▶ [What to work on]
When you reach the line containing "Foto - İzmir'deki" in the records below, start copying exactly, and stop once you have copied the line containing "Volvo V40 D2 Geartronic - 28".

▶ [Dataset records]
=== Section Start ===

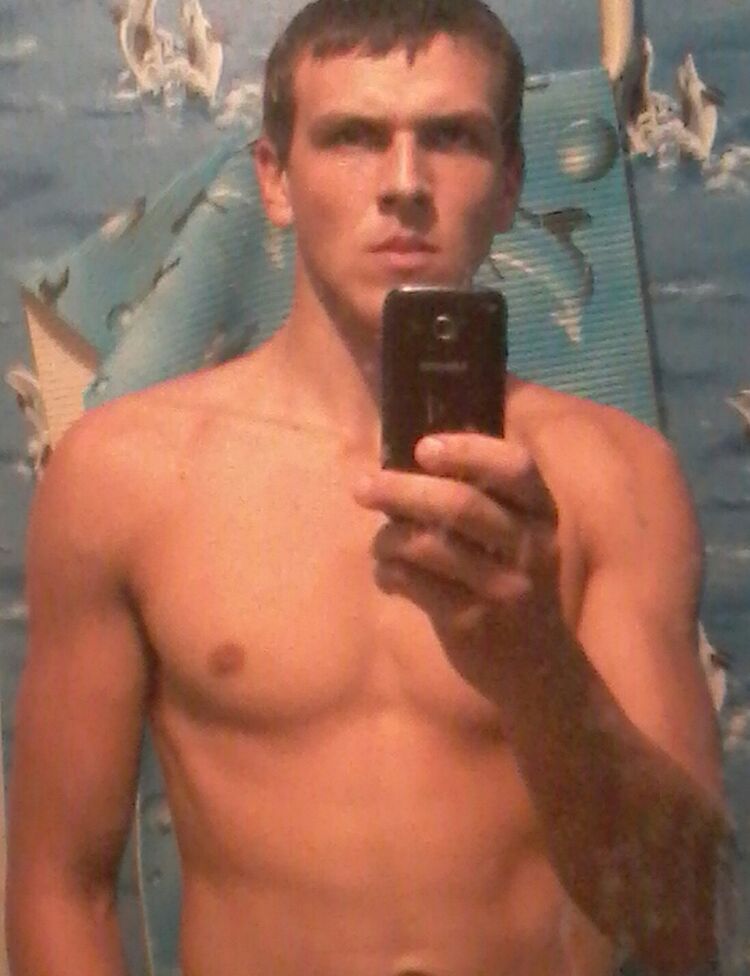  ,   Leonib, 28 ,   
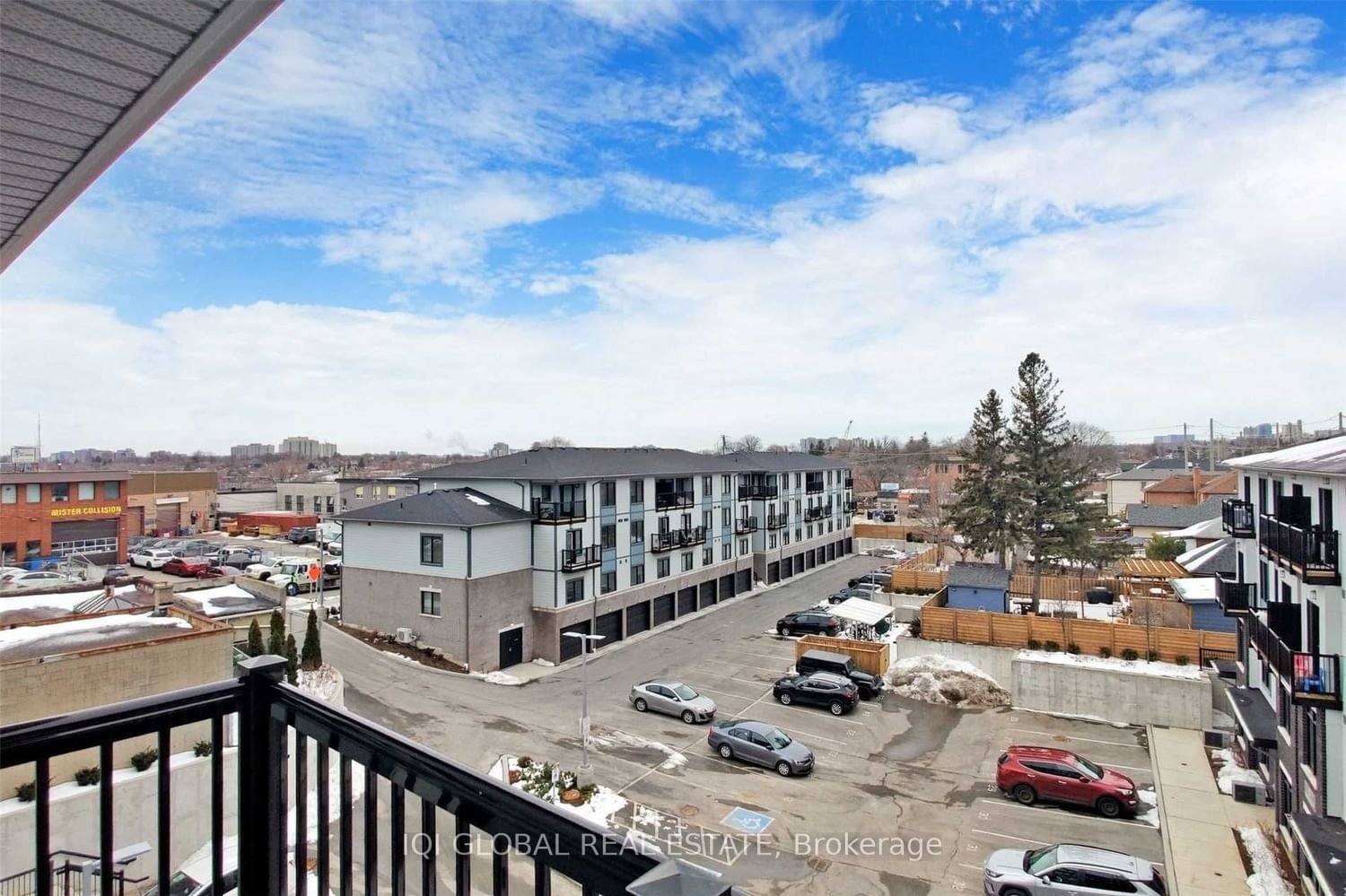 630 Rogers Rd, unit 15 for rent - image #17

=== Section End ===
=== Section Start ===

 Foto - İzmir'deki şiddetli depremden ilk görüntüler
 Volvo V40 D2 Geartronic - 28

=== Section End ===

▶ [Result of the task]
 Foto - İzmir'deki şiddetli depremden ilk görüntüler
 Volvo V40 D2 Geartronic - 28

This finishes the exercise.